返回介绍

Exercise 27: Creative And Defensive Programming

发布于 2025-03-08 19:42:07 字数 24792 浏览 0 评论 0 收藏 0

You have now learned most of the basics of C programming and are ready to start becoming a serious programmer. This is where you go from beginner to expert, both with C and hopefully with core computer science concepts. I will be teaching you a few of the core data structures and algorithms that every programmer should know, and then a few very interesting ones I've used in real software for years.

Before I can do that I have to teach you some basic skills and ideas that will help you make better software. Exercises 27 through 31 will teach you advanced concepts and feature more talking than code, but after those you'll apply what you learn to making a core library of useful data structures.

The first step in getting better at writing C code (and really any language) is to learn a new mindset called "defensive programming". Defensive programming assumes that you are going to make many mistakes and then attempts to prevent them at every possible step. In this exercise I'm going to teach you how to think about programming defensively.

The Creative Programmer Mindset

It's not possible to tell you how to be creative in a short exercise like this, but I will tell you that creativity involves taking risks and being open minded. Fear will quickly kill creativity, so the mindset I adopt, and many programmers adopt on, accident is designed to make me unafraid of taking chances and looking like an idiot:

  • I can't make a mistake.
  • It doesn't matter what people think.
  • Whatever my brain comes up with is going to be a great idea.

I only adopt this mindset temporarily, and even have little tricks to turn it on. By doing this I can come up with ideas, find creative solutions, open my thoughts to odd connections, and just generally invent weirdness without fear. In this mindset I will typically write a horrible first version of something just to get the idea out.

However, when I've finished my creative prototype I will throw it out and get serious about making it solid. Where other people make a mistake is carrying the creative mindset into their implementation phase. This then leads to a very different destructive mindset that is the dark side of the creative mindset:

  • It is possible to write perfect software.
  • My brain tells me the truth, and it can't find any errors, therefore I have written perfect software.
  • My code is who I am and people who criticize its perfection are criticizing me.

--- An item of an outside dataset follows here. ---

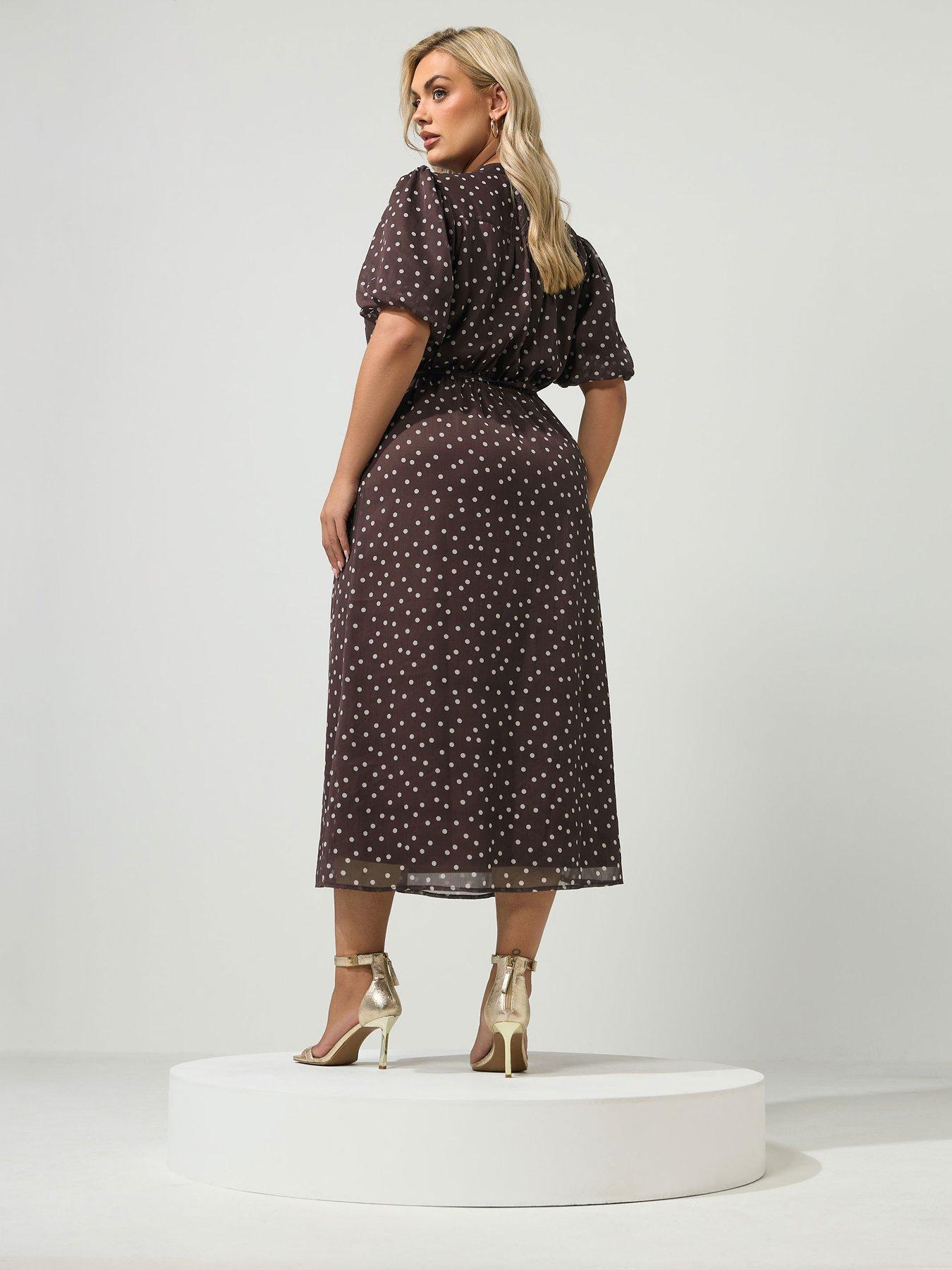 Image 2 of 4 of Yours Curve Polka Dot Puff Sleeve Dress - Brown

These are lies. You will frequently run into programmers who feel intense pride about what they've created, which is natural, but this pride gets in the way of their ability to objectively improve their craft. Because of pride and attachment to what they've written, they can continue to believe that what they write is perfect. As long as they ignore other people's criticism of their code they can protect their fragile ego and never improve.

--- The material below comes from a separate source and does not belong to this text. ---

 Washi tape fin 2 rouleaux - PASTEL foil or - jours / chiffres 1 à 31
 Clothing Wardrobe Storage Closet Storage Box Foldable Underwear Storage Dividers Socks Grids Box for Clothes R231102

The trick to being creative and making solid software is to also be able to adopt a defensive programming mindset.

The Defensive Programmer Mindset

After you have a working creative prototype and you're feeling good about the idea, it's time to switch to being a defensive programmer. The defensive programmer basically hates your code and believes these things:

  • Software has errors.
  • You are not your software, yet you are are responsible for the errors.
  • You can never remove the errors, only reduce their probability.

This mindset lets you be honest about your work and critically analyze it for improvements. Notice that it doesn't say you are full of errors? It says your code is full of errors. This is a significant thing to understand because it gives you the power of objectivity for the next implementation.

Just like the creative mindset, the defensive programming mindset has a dark side as well. The defensive programmer is a paranoid who is afraid of everything, and this fear prevents them from possibly being wrong or making mistakes. That's great when you are trying to be ruthlessly consistent and correct, but it is murder on creative energy and concentration.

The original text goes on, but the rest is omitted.